Aun en los momentos de radical nihilismo perdura un rescoldo del proyecto de universalizar la polis, una polis griega sin esclavos ni bárbaros, un lugar en el cual el destino de todos y cada uno de los humanos sería contemplarse en el espejo de su singular animalidad, sentir que el conjunto de sus percepciones está mediatizado por la palabra, y que si bien la palabra desarraiga de la naturaleza ofrece sin embargo una suerte de refugio cuando es plenamente compartida.

Mas la polis es el lugar de la tragedia, de ahí que para escapar a la polis, el ser humano haya multiplicado las falsas querellas, los problemas sin sentido, y los odios construidos. La lucha de clases, sí, que no es sino algo inherente al concepto de clase, y que mientras duren las clases seguirá sirviendo para distraernos de lo esencial. El proyecto comunista, como proyecto de realización de la polis, no era sino el de acabar con la situación en la cual el trabajo embrutecedor y el ocio complementario de ese embrutecimiento impide a los ciudadanos un solo instante de veracidad, es decir: de lúcida exploración de su condición indisociablemente exultante y trágica. Veracidad de la propia vida a la que han apelado, a lo largo de la historia, artistas y poetas, pero asimismo, simplemente todos los hombres sensatos.

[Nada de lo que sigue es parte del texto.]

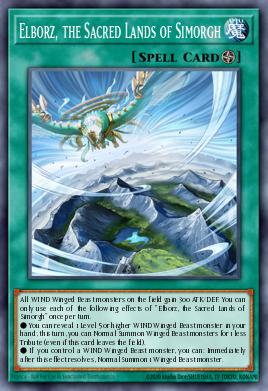 Elborz, the Sacred Lands of Simorgh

/upload/fotos/blogs_entradas/la_revolucion_rusa_med.jpgLa sociedad contemporánea tiene su urdimbre en guerras en las cuales a veces el patriotismo es falso, pero el odio es imprescindible, pues sin ese odio se abriría una rendija por la que podría penetrar la luz de un proyecto colectivo. De Bagdad a Haití la tierra está poblada de conflictos sin solución alguna. Pues bien, cabe decir que en el origen de esos conflictos no se halla la lucha de los seres humanos por alcanzar sus objetivos, sino el esfuerzo nihilista por evitar que el ser humano los delimite claramente. Sarcasmo, o al menos ironía, produciría hoy la frase "cada uno según sus posibilidades, a cada uno según sus necesidades". Y sin embargo, sólo en la comprensión de lo que esta frase significa puede uno pensar que el arte a todos concierne, que la ciencia no es cosa de élites, que los poetas y pintores que constituían la vanguardia de la Revolución de Octubre no estaban motivados por meros intereses narcisistas.

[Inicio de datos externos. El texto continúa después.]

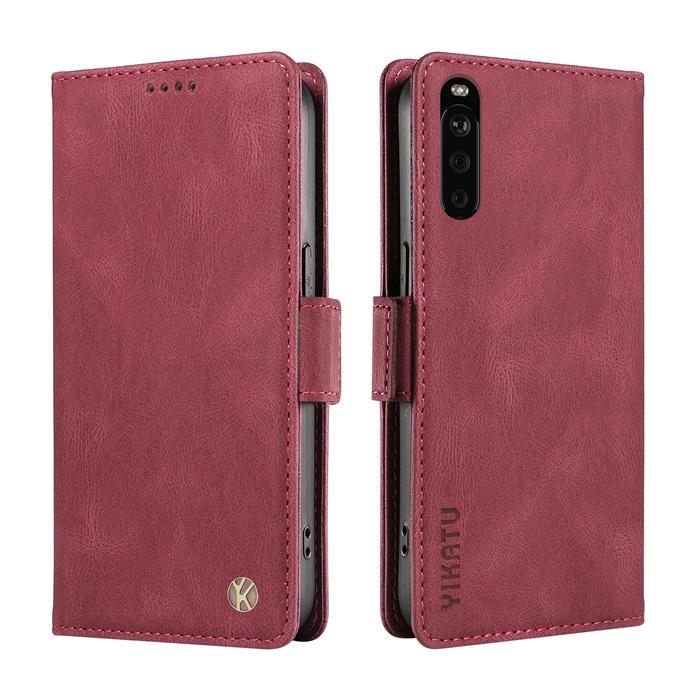 YIKATU Sony Xperia 10 III Wallet Kickstand Case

En la parodia de la polis griega que constituye la llamada "sociedad global", la lucha por la mera subsistencia sigue siendo un ingrediente (una vez más esa imagen de África sometida a la rapiña no ya de los recursos naturales, sino de la cultura, los modos de vida y hasta las lenguas de poblaciones enteras). Mas Aristóteles nos indicaba ya que las cosas que gravemente afectan al ser humano aparecen cuando está resuelto no sólo lo relativo a la subsistencia, sino también lo relativo al ornato de la vida. Aristóteles indicaba ya que si en Egipto la matemática había podido tomar vuelo, era porque había allí un grupo privilegiado de seres en apariencia libres, a saber los sacerdotes, y digo en apariencia porque la libertad es global o es una contradicción en sí misma.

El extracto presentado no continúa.